Only their youngest daughter, Astrid, then ten, survived the attacks and the couple said that they remain ‘genuinely grateful’ that she is still alive. 

ASOS billionaire is locked in row over plans for a tourist village with its own restaurant, bakehouse, shop, hotel and microbrewery in remote part of the Scottish Highlands

Anders Holch Povlsen has been locked in a row over plans to create a tourist resort in an idyllic and remote part of the Scottish Highlands, it was reported in February.

He wants to build the development in a village off an iconic Scottish tourist route known as the North Coast 500.

The Danish tycoon hopes to build a tourist resort in the Scottish Highlands that would include a restaurant, bakehouse, stonecutters, shop, a hotel and a microbrewery

His plans for a tourist hotspot in the Highlands have been slammed by rival hotel owners, who say it will affect their business and deprive them of trade.

Under the plans submitted last December, the tourist attraction would be located in Tongue, a village off the North Coast 500.

If approved, the project would include a restaurant, bakehouse, stonecutters, shop, events space, a hotel and a microbrewery.

The man who sold his estate to the Dane… and built a moat to annoy uninvited fishermen 

Anders Holch Povlsen bought the Eriboll estate from the late James Clark – son of famous Conservative politician Alan Clark – in 2016.

Popular locally and a colourful character, Mr Clark also inherited his father’s bluntness.

When a group of uninvited fishermen parked their cars on his estate, Mr Clark brought out a digger and, around the anglers’ vehicles, dug a moat that they had to fill in before they could leave.

During the lambing season, he hung the carcasses of knocked-down lambs from road signs to demonstrate the effects of excessive speed. 

On one occasion Clark refused to sell a house on the estate in case it fell into the hands of an English person.
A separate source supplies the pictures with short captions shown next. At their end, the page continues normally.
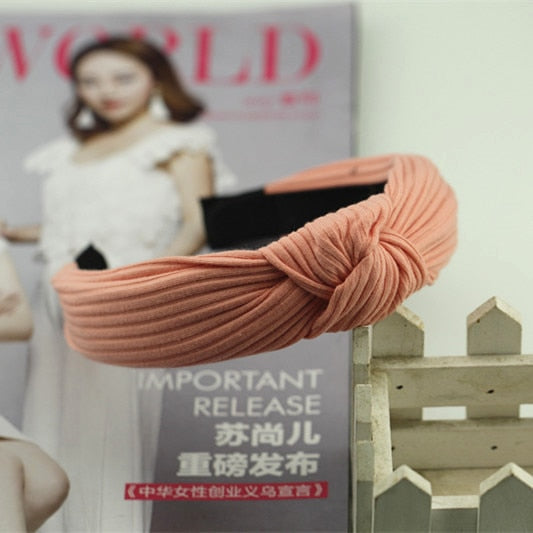 Solid Soft Knotted Flamingo Headband Hairband For Women Lady Bow Hair Hoop Hair Accessories Headwear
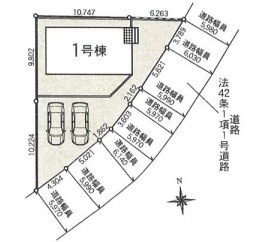 宇都宮市南町の新築一戸建の区画図|敷地面積６０坪！前面道路は幅５．９ｍで車のすれ違いらくらくです♪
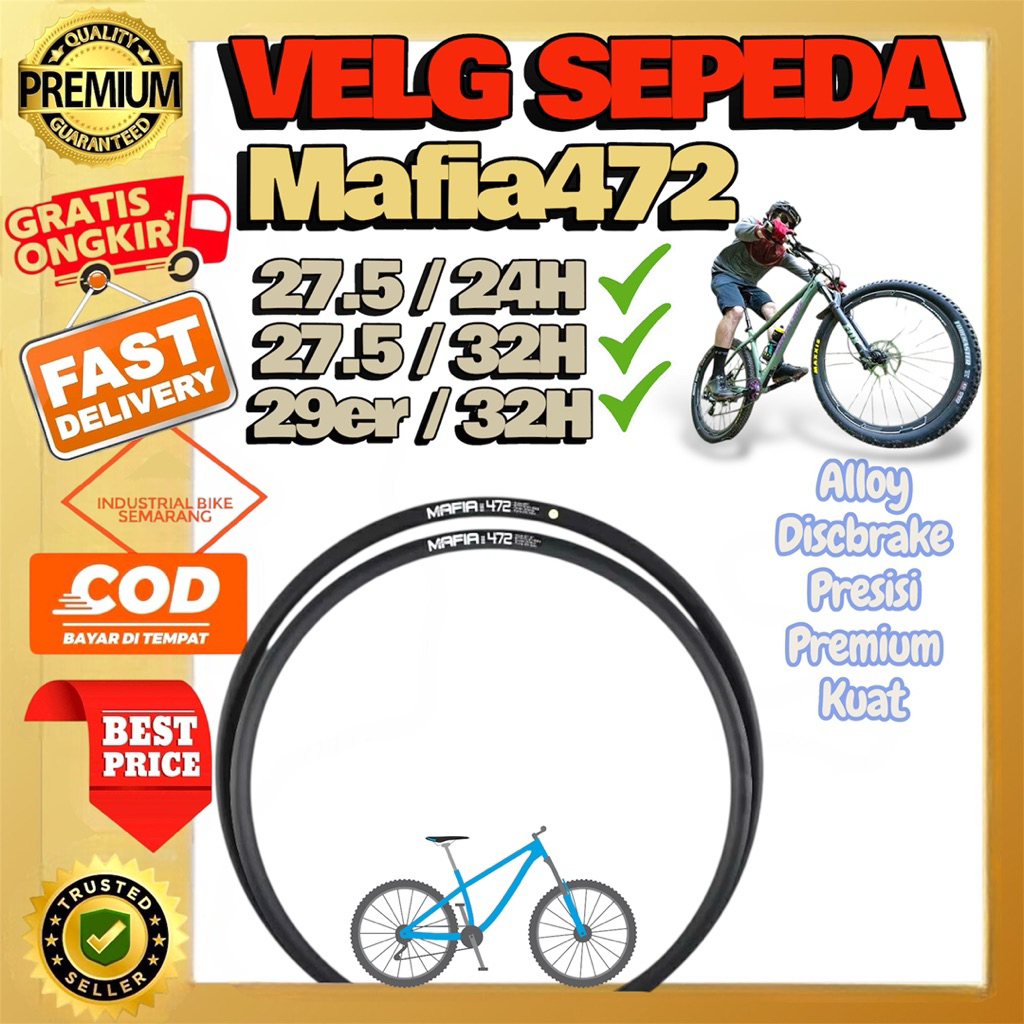 ( VELG MAFIA 472 ALLOY 27.5 / 29er ) Rim Velk Rims Sepeda Mtb Alloy Disc Lubang 24H 32H Hole 29 er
In 1998, he needed help with herding a flock of sheep off an uninhabited island and called in a Marine commando unit, one of whom was injured after being butted by a ram. 

He denied wasting taxpayers’ money. ‘Getting the sheep off took about an hour,’ he said. ‘In exchange, the Marines had the free use of my land and nine miles of coastline for a week. It was a hell of a good deal for them and the taxpayer.’

Mr Clark also loved fast cars. The car shed at Eriboll was full of worn-out vehicles, most of them extravagantly covered in bird droppings because Alan Clark, a noted lover of wildlife, insisted on cutting holes in the door for migrating swallows.

James Clark died of a brain tumour on August 15, 2019, aged 59.